El padre de Mahito se casa nuevamente con la hermana de su difunta esposa y, unos años después, lleva al niño a vivir a la casa de la familia de su esposa, cuyos terrenos están dominados por una torre enorme y misteriosa. El padre trabaja como gerente de una fábrica de municiones que fabrica aviones (para contrarrestar el efecto de las aeronaves enemigas que mataron a la madre de Mahito), cuyas carcasas exteriores se almacenan en la casa. Los aviones han estado muy presentes en la obra de Miyazaki, ya que su propio padre era gerente de municiones y, aunque su madre no murió víctima de los bombardeos, su fallecimiento prematuro debido a la tuberculosis marcó tanto su vida como su obra de una manera indeleble.

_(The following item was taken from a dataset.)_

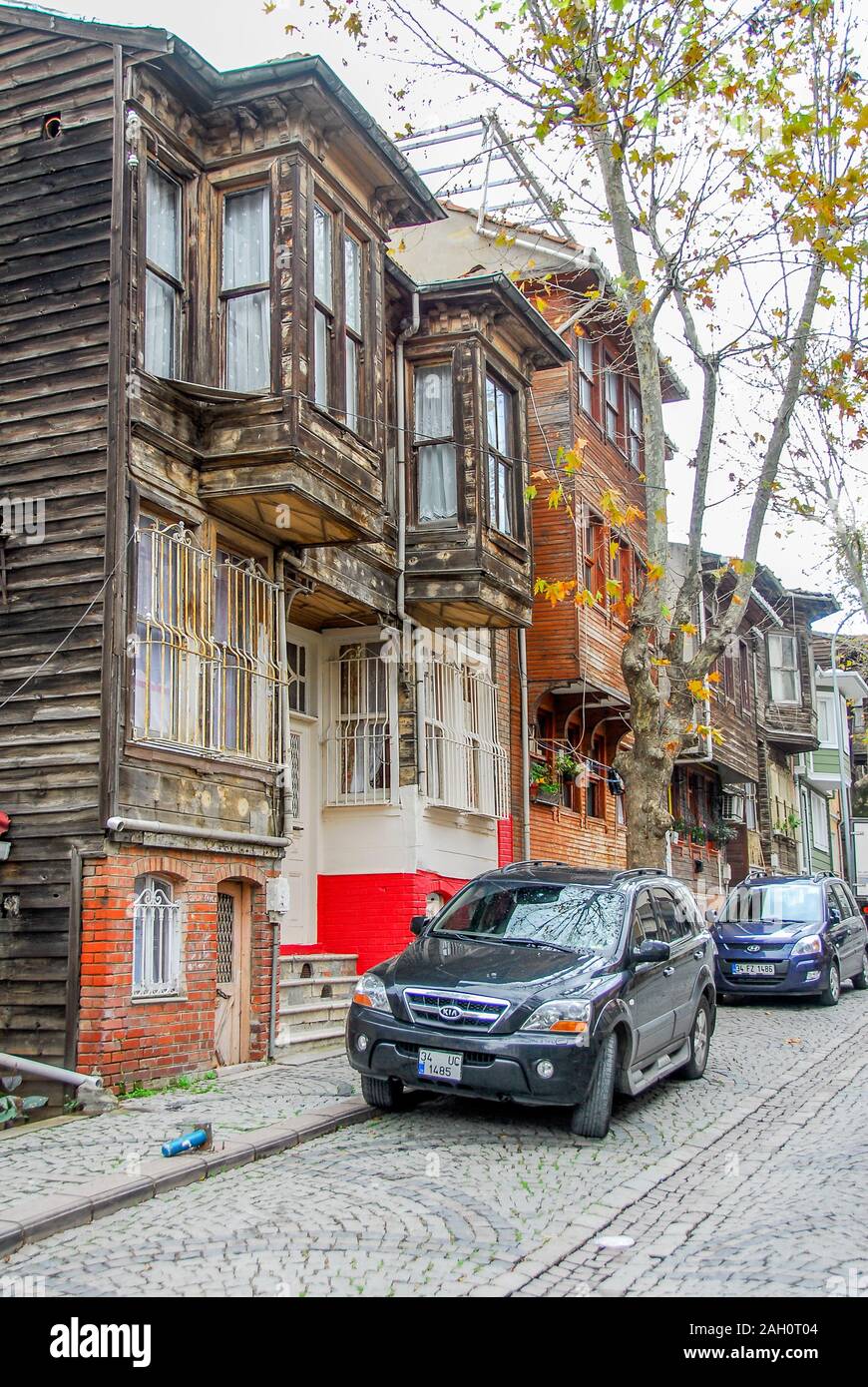 Istanbul, Turkey, 26 November 2010: Historic Yenimahalle Houses, Uskudar. Stock Photo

Al parecer, Mahito se ha tragado todo su dolor e intenta ser obediente ante las decisiones de su padre, para cumplir con su labor de ser un buen hijo. Su madrastra/tía Natsuko está embarazada y es cuidada por un grupo de simpáticas ancianas. Pero como sucede en todas las películas de Miyazaki, el mundo cotidiano se ve alterado por la irrupción de la fantasía, cuando el niño se topa con una garza parlante y siniestra que lo acosa. 

De una manera inexplicable y con un tono muy lyncheano, Mahito, luego de una riña con sus compañeros en la escuela, toma una roca y se golpea brutalmente la cabeza. Como si se tratara de la taza de café de Twin Peaks o la oreja de Terciopelo azul, la roca se convierte en un objeto detonante. Natsuko desaparece y Mahito debe emprender una búsqueda para encontrarla en un universo paralelo, cuya puerta de entrada está en la torre.

La garza será el compañero y guía del viaje de Mahito, quien, la verdad sea dicha, quiere encontrar a su verdadera madre, que, de acuerdo con la garza, se encuentra viva en esa otra dimensión. Durante el trayecto se encontrará a una de las ancianas, pero en versión joven, a los Warawara, que son unas criaturas muy similares a las almas de la cinta Soul de Pixar, pero que también nos recuerdan a los Kodama de La Princesa Mononoke , a los Sin Cara de El viaje de Chihiro y los Susuwataris de Mi Vecino totoro. También tendremos a unos periquitos australianos antropófagos y a un tío abuelo muy parecido al arquitecto de Matrix   

Se podría pensar que todo ese universo fantástico al que accede Mahito puede ser causado por el trauma encéfalo craneal que él mismo se causó para sacar los malos pensamientos de su mente en una actitud masoquista y suicida. Pero eso sería tan inútil como pensar que el viaje de Alicia fue todo un sueño o que Dorothy de El Mago de Oz se imaginó todo luego del vendaval que la dejó inconsciente. Miyazaki siempre le ha apostado a la fantasía.    

El niño y la garza, pese a que se siente como una variación sobrecargada de las películas anteriores de Miyazaki, llega a ser una bellísima fábula que nos habla sobre cómo el arte y la fantasía son la salvación para los seres humanos. El final, sencillo y contundente, será el aspecto más poderoso de toda la película.